To perform this transformation, I have thought of using the following model:
Aurora -> Dirty S3 Bucket -> Curated S3 Bucket -> Athena querying from Curated S3 Bucket
The Dirty S3 Bucket contains data in the format of (column1, column2, column3, ...) and (D/U/I, column1, column2, column3, ...). When new data arrives into this bucket, an SNS message is sent out and a lambda function should read the newly arrived file, transform the data, and place it into the Curated S3 Bucket where the Curated S3 Bucket only contains data in the format of (column1, column2, column3, ...).

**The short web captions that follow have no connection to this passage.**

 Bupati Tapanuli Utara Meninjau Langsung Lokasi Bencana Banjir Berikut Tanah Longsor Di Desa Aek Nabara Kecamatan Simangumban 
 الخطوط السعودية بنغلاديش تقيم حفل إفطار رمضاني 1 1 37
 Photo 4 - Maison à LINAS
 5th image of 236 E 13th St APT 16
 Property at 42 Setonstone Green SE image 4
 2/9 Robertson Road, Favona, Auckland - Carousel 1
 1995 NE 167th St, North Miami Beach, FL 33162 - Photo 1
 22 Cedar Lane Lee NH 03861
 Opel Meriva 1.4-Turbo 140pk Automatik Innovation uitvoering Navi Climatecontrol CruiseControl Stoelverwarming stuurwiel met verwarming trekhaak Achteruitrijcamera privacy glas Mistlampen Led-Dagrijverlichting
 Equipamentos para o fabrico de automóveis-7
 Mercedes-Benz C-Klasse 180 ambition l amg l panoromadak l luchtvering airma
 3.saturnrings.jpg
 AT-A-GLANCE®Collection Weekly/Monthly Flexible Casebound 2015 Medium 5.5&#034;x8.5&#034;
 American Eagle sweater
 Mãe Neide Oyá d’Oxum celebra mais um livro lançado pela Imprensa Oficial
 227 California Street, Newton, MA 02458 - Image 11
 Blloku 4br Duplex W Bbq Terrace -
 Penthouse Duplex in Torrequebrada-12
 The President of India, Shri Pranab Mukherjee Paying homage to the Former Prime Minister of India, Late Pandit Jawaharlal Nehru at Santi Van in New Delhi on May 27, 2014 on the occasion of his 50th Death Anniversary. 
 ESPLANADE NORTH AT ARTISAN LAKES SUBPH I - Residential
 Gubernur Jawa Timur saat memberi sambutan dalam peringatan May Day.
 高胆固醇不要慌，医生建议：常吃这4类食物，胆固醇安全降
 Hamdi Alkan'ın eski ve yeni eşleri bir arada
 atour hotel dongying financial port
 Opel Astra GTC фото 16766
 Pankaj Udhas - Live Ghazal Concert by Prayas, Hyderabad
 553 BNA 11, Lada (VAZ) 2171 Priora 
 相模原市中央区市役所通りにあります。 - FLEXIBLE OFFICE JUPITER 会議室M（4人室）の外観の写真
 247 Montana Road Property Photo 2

Assuming that all data from Aurora will have a created_at and updated_at column, I have thought of:
- Partitioning the data in S3 based on /year/month/day/hour (using created_at):
- However, if data is partitioned based on /year/month/day/hour then I assume that the costs were going to be too high.
- This is based under the assumptions that:
- 40000 requests per day (inserts/updates/deletes)
- 0.05 GB average file size
- $0.01 per GB (for data returned by S3)
- $0.01 per 1,000 requests (PUT, COPY, or POST Requests)
- $0.001 per 1,000 requests (GET, SELECT and all other Requests)
- Costs for retrieving data per day = 40000 rpd * 0.05 GB * $0.01 per GB = 20
- Costs for requesting data per day = $0.001 * (40000 rpd/1000) = .04
- Total costs = 20.04 per day
- This is based under the assumptions that:
- However, if data is partitioned based on /year/month/day/hour then I assume that the costs were going to be too high.
To note, this calculation is just for one table; There will be more than 5 tables that have similar rates.
Therefore, per month costs will be greater than $3,000.
Is there a much more cost efficient way to stream data from aurora to s3?
Or would I have to resort to obtaining a daily snapshot of the Aurora DB in order to reduce costs?
yes, you can make a lambda that connects to Aurora and brings the data to s3. In the parameter store (inside System Manager) you can save the datetime of the last record you brought for each table, so your lambda only looks for the updates and saves the date of the last record in the Parameter Store.